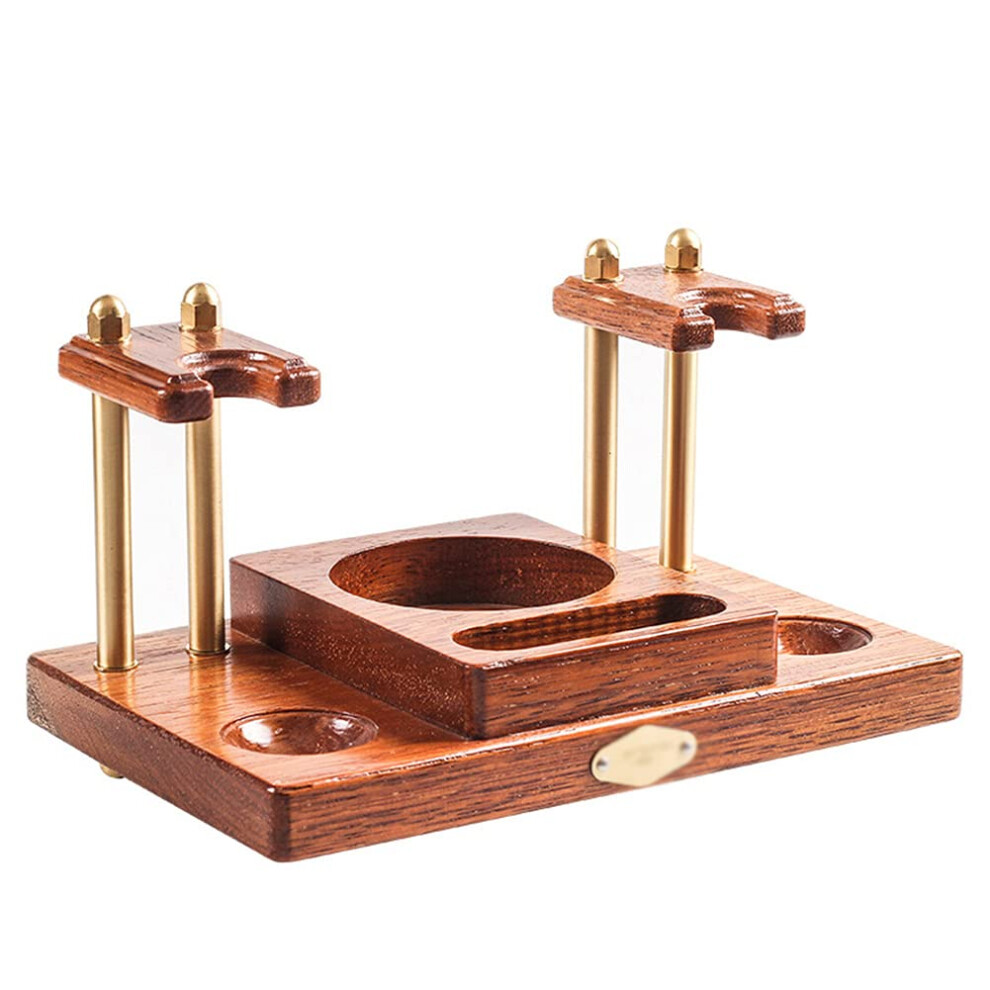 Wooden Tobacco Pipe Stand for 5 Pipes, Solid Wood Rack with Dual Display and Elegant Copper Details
*-*-*
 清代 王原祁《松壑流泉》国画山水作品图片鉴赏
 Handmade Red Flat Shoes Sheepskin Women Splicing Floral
*-*-*
◆ YOUR OBJECTIVE ◆
In the listing above, find the line with "清代 王原祁《松壑流泉》国画山水作品图片鉴赏" and the line with "Handmade Red Flat"; output exactly those lines and all lines between them.

◆ SOLUTION BELOW ◆
 清代 王原祁《松壑流泉》国画山水作品图片鉴赏
 Handmade Red Flat Shoes Sheepskin Women Splicing Floral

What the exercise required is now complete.